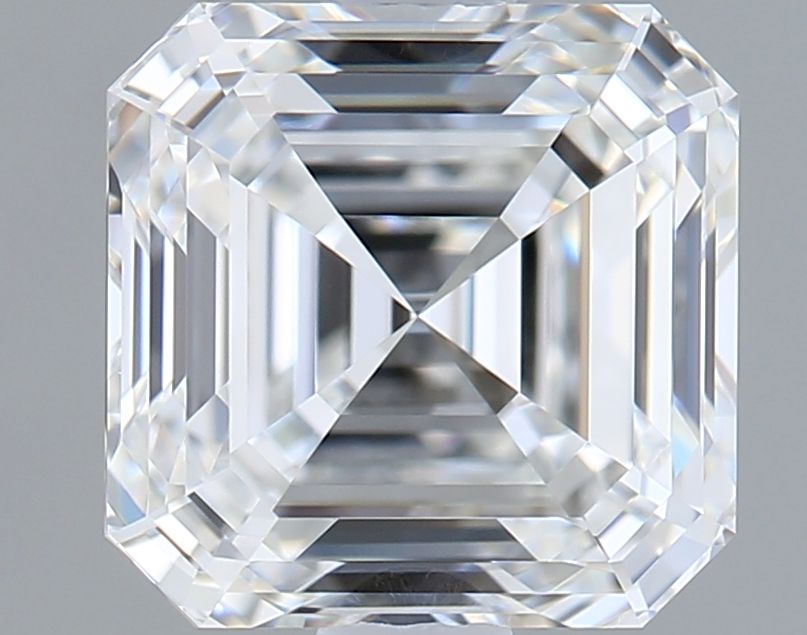 1.77 ct lab-grown Asscher Diamond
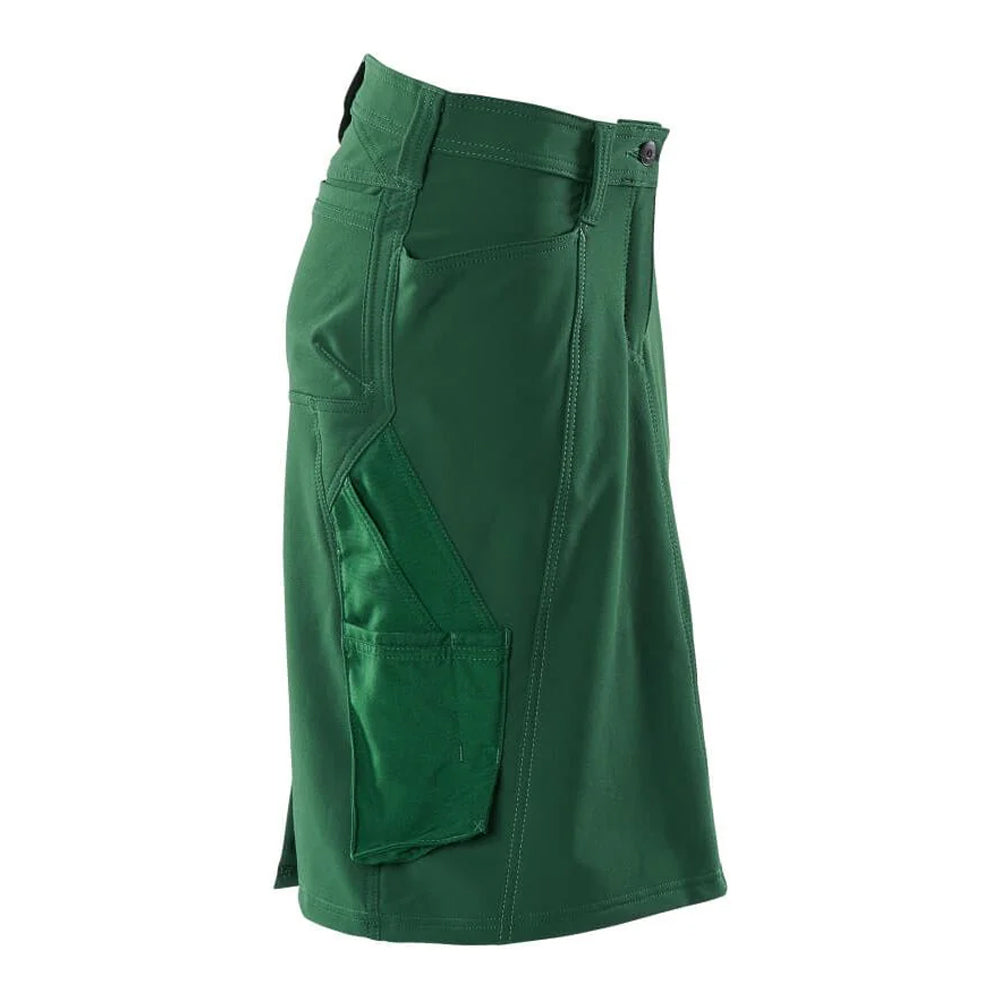 Green - Pack Shot - Mascot Womens-Ladies Accelerate Regular Skirt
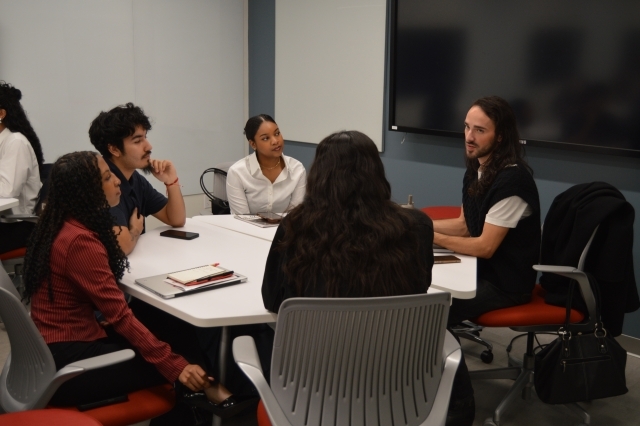 Advertising Students Gain Valuable Insights at Workshop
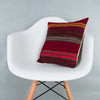 Striped Multiple Color Kilim Pillow Cover 16x16 8001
........
## Prompt
Return all material verbatim, pictures omitted.

## Task response
 1.77 ct lab-grown Asscher Diamond
 Green - Pack Shot - Mascot Womens-Ladies Accelerate Regular Skirt
 Advertising Students Gain Valuable Insights at Workshop
 Striped Multiple Color Kilim Pillow Cover 16x16 8001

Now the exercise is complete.